The former Massachusetts governor, a front-runner in the race for the Republican nomination, yesterday released a list of foreign policy advisers, including many who served former President George W. Bush and advocated the invasion of Iraq. Several prominent advisers had supported so-called enhanced interrogation techniques or rendition of terrorism suspects to third countries, including former State Department counter- terrorism coordinator Cofer Black, former CIA Director Michael Hayden, and former Secretary of Homeland Security Michael Chertoff.
Standing beneath a giant banner emblazoned with his slogan “Believe in America,” and flanked by the U.S. and South Carolina flags, Romney promised to “reverse the hollowing of our Navy” and increase naval shipbuilding from nine to approximately 15 ships annually and sustain the carrier fleet at 11, while investing more in missile defense systems and cybersecurity.
Aboard the USS Yorktown yesterday, Romney called for reinforcing the Navy and Air Force and adding 100,000 active duty troops to reduce battlefield rotations.
One U.S. service member costs the government $100,000 per year on average, according to the non-partisan Congressional Research Service, meaning Romney’s plan would cost $10 billion per year, or $100 billion over 10 years. His campaign has said Romney would pay for such increases by finding and cutting waste in the budget.

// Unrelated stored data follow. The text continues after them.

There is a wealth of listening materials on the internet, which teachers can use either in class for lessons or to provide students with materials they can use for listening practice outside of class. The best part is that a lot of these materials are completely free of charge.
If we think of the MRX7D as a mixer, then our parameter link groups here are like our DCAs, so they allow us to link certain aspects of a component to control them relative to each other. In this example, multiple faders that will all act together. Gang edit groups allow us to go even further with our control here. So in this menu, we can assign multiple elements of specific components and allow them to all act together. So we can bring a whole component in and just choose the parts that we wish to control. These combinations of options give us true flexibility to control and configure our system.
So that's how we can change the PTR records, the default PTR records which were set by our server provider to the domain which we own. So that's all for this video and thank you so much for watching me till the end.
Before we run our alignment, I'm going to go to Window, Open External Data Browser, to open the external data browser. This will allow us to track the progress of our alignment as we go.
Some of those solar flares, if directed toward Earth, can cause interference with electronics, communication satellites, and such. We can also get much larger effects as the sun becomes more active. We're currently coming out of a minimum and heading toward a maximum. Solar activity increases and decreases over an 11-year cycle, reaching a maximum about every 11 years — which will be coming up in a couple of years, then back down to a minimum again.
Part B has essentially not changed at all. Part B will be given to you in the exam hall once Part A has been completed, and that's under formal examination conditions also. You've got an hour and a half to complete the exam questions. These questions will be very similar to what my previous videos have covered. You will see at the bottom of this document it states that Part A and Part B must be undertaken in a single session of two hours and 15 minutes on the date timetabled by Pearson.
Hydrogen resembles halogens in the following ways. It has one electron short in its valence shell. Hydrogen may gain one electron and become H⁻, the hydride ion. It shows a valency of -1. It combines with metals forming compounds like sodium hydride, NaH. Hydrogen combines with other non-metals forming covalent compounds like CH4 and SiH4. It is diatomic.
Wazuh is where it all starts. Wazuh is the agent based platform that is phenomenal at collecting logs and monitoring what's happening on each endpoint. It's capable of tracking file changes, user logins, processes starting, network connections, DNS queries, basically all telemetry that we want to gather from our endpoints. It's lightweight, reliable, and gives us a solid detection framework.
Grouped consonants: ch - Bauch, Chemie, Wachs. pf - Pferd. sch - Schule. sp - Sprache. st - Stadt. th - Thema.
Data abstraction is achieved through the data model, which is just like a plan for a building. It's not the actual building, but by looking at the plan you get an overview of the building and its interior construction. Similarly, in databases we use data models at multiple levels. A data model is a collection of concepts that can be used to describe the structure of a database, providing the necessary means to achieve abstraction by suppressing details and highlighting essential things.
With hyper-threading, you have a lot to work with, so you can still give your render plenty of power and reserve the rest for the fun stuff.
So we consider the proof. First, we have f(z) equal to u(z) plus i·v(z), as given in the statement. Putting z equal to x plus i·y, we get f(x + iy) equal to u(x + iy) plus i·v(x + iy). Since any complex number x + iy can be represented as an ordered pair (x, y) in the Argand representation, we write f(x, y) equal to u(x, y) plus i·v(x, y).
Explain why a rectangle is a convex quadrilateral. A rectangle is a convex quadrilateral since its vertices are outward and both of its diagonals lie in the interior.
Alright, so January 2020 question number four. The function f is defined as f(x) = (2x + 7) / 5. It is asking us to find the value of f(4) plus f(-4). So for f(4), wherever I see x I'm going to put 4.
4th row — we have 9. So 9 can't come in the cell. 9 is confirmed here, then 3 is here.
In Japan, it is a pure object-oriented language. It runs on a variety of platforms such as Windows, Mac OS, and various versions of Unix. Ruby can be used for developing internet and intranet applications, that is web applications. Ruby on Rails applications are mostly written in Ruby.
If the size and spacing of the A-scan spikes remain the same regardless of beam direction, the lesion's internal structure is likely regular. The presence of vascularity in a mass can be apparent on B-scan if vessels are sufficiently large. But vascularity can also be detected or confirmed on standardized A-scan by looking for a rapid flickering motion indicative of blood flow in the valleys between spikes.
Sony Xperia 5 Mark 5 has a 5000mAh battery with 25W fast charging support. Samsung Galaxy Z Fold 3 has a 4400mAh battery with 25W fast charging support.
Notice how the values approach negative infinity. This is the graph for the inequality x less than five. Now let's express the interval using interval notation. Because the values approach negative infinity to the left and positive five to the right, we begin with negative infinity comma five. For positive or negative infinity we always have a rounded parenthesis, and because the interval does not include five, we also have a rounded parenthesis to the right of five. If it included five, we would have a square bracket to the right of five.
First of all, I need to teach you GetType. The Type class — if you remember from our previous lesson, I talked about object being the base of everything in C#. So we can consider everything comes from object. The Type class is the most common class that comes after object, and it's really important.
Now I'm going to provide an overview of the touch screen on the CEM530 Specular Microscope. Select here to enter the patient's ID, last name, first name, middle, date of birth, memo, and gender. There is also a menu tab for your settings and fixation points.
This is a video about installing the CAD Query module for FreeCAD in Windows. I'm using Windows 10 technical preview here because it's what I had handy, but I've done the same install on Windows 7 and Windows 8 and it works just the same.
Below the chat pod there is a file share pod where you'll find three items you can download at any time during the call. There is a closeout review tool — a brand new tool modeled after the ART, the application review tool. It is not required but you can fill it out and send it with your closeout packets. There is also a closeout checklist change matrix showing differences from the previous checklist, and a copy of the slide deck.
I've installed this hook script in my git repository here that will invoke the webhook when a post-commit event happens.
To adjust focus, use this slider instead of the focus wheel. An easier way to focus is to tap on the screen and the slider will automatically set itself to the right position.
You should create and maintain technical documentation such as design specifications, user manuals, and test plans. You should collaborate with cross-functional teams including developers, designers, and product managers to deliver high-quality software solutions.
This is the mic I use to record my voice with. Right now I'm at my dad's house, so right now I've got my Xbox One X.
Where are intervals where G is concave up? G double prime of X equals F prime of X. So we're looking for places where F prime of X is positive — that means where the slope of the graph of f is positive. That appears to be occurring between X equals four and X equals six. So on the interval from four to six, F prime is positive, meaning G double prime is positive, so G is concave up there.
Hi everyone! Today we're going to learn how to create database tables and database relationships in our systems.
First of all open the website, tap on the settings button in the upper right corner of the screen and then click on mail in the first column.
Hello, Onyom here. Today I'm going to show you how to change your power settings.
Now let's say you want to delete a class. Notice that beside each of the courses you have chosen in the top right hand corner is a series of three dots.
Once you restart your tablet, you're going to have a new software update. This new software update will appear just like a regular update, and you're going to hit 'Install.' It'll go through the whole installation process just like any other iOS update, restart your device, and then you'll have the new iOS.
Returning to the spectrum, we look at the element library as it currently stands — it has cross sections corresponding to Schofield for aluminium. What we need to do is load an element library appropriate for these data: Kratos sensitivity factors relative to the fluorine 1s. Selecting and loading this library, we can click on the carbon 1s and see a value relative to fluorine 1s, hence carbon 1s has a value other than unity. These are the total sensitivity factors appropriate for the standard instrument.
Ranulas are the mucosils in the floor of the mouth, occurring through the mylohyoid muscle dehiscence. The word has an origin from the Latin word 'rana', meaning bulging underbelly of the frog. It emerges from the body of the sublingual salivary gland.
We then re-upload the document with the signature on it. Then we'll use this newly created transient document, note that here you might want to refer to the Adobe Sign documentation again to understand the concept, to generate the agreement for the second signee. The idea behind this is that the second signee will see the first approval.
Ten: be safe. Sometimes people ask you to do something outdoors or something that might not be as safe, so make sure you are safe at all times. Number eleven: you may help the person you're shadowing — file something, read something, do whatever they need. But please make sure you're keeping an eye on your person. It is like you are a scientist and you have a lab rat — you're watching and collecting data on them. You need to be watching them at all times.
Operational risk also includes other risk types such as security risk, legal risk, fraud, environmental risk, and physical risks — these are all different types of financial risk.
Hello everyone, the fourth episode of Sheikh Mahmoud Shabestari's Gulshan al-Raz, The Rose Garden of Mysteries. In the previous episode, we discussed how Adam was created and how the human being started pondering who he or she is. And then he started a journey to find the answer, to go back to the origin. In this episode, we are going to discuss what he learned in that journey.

Romney has repeatedly criticized Obama for scrapping a plan to locate ground-based missile defense systems in Poland the Czech Republic, in part because of strident opposition from Russia. That plan was replaced by a ship-based system, still in development, that Defense Department officials said would more agile.
Obama, at the recommendation of then-Secretary of Defense Robert Gates, cut funding for the ground-based U.S. missile shield in the 2010 budget and instead increased support for sea- based systems. The Missile Defense Agency’s budget declined to $7.9 billion in fiscal year 2010 from $9 billion the previous year. It has since grown to $8.5 billion in 2011 and the agency is seeking $8.6 billion for fiscal 2012 budget.
Romney also vowed to position a naval carrier task force in the eastern Mediterranean Sea and the Persian Gulf region as a deterrent to Iran’s suspected nuclear ambitions. The U.S., its European allies and Israel say Iran is trying to build a nuclear weapon. Iran says its program is for civilian energy use and medical research.
Romney proposed increasing military and intelligence coordination and assistance with Israel as a hedge against Iran, and will make a national ballistic-missile defense system a priority.
“The United States will apply the full spectrum of hard and soft power to influence events before they erupt into conflict,” he said. “The United States should always retain military supremacy to deter would-be aggressors and to defend our allies and ourselves.”
The Obama campaign said that “Governor Romney raised real questions about his capacity to lead this country and wage the fight against terrorism.”
“He didn’t outline a strategy to strengthen America’s security and promote our interests and didn’t even identify defeating al-Qaeda as a goal,” said LaBolt. “President Obama has degraded al-Qaeda and dealt huge blows to its leadership, including eliminating Osama Bin Laden, ended the war in Iraq, promoted our security in Afghanistan while winding down our commitment in a responsible way and strengthened American leadership around the world.”